> _What you are asked to do_
After finding the line with "Detalle de Edelstahl-Schlüsselanhänger" in the data below, set down exactly each line through the one with "Hoteleingang mit Holzakzenten, Glastür, Pflanzen", inclusive, and stop there.

[Source data]

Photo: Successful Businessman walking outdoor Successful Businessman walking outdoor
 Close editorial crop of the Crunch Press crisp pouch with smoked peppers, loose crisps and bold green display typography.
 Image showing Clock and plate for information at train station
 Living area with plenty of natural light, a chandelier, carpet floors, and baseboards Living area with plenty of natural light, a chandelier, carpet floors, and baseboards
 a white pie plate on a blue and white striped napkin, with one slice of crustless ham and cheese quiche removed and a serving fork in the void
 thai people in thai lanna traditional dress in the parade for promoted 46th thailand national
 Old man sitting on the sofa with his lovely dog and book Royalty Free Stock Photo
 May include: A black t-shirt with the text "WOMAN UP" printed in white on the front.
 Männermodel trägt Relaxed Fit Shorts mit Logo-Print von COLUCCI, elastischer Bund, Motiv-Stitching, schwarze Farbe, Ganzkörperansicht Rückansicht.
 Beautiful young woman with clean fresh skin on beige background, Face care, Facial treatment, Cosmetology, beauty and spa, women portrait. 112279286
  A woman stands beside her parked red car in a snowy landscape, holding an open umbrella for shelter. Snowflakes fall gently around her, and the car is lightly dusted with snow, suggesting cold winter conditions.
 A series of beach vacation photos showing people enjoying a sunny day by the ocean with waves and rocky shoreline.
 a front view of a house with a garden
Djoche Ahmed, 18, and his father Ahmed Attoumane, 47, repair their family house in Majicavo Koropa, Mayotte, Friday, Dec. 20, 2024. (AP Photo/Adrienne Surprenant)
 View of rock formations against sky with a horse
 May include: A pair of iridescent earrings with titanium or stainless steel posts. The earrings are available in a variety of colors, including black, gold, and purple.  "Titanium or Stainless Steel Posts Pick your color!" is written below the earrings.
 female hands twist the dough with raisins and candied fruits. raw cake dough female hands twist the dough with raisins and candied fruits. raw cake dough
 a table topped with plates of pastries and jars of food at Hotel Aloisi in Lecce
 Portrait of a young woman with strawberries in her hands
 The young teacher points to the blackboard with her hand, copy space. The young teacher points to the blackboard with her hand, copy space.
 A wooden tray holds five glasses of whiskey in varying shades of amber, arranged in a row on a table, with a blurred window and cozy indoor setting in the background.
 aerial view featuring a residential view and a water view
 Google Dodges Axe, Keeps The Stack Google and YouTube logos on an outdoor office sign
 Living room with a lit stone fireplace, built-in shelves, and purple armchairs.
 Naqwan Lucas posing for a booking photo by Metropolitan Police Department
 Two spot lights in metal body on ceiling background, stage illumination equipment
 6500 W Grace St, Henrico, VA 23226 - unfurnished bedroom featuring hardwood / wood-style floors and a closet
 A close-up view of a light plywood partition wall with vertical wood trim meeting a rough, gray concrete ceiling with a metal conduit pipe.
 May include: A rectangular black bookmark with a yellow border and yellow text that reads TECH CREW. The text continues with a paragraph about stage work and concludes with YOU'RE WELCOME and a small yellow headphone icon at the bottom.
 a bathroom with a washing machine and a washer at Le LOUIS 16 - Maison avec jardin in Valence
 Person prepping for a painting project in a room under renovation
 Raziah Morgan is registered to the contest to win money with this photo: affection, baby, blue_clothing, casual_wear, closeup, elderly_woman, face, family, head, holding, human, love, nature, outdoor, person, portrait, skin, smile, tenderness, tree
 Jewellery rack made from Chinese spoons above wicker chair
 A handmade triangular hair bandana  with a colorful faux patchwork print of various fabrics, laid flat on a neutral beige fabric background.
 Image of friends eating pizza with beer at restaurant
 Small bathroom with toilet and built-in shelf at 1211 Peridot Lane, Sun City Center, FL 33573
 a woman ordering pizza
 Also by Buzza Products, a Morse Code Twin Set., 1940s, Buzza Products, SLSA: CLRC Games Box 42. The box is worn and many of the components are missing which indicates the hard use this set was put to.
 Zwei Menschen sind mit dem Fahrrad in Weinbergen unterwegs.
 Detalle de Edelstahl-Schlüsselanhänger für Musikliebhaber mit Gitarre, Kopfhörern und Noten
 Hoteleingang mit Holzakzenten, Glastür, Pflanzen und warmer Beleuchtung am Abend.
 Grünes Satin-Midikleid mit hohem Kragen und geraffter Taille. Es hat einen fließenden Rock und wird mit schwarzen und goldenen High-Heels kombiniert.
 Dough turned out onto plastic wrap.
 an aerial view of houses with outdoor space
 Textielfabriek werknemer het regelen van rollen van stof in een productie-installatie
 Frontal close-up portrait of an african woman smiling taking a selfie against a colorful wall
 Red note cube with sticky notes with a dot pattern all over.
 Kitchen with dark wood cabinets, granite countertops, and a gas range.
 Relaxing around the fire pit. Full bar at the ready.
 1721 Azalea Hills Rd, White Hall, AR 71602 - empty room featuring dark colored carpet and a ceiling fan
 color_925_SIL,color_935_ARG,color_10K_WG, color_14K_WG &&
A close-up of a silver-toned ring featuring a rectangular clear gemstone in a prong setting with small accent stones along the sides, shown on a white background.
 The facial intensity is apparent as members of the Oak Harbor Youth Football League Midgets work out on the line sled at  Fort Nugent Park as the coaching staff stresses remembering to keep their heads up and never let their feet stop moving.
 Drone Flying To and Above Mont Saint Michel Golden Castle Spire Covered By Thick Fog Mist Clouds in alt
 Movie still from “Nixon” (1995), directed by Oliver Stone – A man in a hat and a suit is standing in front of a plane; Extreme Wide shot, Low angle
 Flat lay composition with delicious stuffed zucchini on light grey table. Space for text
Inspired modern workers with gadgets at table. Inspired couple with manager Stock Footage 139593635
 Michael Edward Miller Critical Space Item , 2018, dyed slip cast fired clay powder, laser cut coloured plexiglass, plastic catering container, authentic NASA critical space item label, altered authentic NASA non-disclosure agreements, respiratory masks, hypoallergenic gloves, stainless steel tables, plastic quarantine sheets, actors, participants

> _The answer_
 Detalle de Edelstahl-Schlüsselanhänger für Musikliebhaber mit Gitarre, Kopfhörern und Noten
 Hoteleingang mit Holzakzenten, Glastür, Pflanzen und warmer Beleuchtung am Abend.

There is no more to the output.